このコラムで何回か取り上げた話題ですので、やや食傷気味かもしれませんが、今年も先月31日に税理士の懲戒処分が官報に掲載されました。 懲戒処分を受けた税理士は22名にのぼり、税理士法人も2法人が処分されています。
https://kanpou.npb.go.jp/20250131/20250131h01396/20250131h013960011f.html
そして、懲戒理由の詳細については、国税庁のホームページに掲載されています。
https://www.nta.go.jp/taxes/zeirishi/chokai/shobun/240401.htm
ご覧いただいて分かるとおり、懲戒理由の過半は「故意による不真正税務書類の作成」です。つまり、関与先の依頼に応じて真実と異なる申告をして脱税に加担したという税理士としてあるまじき理由に驚かれると思います。さらに、過去に税理士業務の停止処分を受けていたにもかかわらず、その停止期間中に税務業務を行ったという「懲りない連中」が少なくないことにも驚くほかはありません。免停中にクルマを運転してはいけないことなど常識だと思うのですが。
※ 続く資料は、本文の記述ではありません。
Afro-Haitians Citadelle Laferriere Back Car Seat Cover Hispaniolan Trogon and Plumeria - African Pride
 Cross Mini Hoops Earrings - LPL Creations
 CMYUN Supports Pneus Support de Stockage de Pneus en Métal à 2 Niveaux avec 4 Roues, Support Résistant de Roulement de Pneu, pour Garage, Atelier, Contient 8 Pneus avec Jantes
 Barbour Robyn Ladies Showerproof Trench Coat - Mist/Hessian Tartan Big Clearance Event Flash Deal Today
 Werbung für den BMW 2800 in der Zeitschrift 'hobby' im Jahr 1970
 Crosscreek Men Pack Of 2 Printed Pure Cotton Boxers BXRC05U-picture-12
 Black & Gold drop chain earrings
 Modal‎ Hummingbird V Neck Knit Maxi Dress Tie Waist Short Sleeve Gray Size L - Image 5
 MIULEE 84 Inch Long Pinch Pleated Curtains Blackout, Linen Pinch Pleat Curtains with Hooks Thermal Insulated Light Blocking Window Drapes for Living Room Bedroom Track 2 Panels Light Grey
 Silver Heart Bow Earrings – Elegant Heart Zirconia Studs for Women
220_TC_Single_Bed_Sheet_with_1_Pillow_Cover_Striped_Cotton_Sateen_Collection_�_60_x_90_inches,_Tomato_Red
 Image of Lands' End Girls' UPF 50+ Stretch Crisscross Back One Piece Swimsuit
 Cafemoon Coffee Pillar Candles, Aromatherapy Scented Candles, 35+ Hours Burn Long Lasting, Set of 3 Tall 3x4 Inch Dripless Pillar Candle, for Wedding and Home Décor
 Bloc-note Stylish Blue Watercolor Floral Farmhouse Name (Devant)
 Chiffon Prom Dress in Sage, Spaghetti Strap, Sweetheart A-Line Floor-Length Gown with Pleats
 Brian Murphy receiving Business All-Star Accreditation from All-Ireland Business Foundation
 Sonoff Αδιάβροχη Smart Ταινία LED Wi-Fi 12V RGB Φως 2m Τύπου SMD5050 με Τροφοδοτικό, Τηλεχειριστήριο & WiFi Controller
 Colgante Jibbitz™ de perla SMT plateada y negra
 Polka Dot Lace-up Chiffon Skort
ところが、その上手を行く「懲りない連中」の存在には呆れるほかはありません。処分された税理士法人に「税理士法人スライベックス」があります。
http://www.thrivex.jp/office/(リンク不可)
処分理由は、無資格者が作成した税務書類に署名押印する、いわゆる「名義貸し」行為を行ったことによる1ヶ月の業務停止ですが、2人の社員税理士のうち1人が処分当日に税理士法人を脱退し、処分が明けると同時にしれっと税理士法人に復帰しているのです。つまり、形式を取り繕って処分期間中も業務は継続して行っていたことが容易に想像できます。
そして、この法人は6年前にも同様の理由で処分され、その時も同様の方法で処分を実質的に逃れていたのですから、「懲りない連中」とはこのことです。そして、この2人が国税OB税理士であることを知ると、OBとはいえ国税庁の身内に対する甘い処分は噴飯物と言わざるを得ません。懲戒とは不正あるいは不当な行為に対して制裁を課すことですから、そこを二度にわたって甘くしてしまうと、もはや懲戒の意味がなくなると考えるのは筆者だけではありますまい。
補遺
「税理士法人スライベックス」のホームページですが、2月9日までは閲覧できたのですが、今日からリンク切れになっています。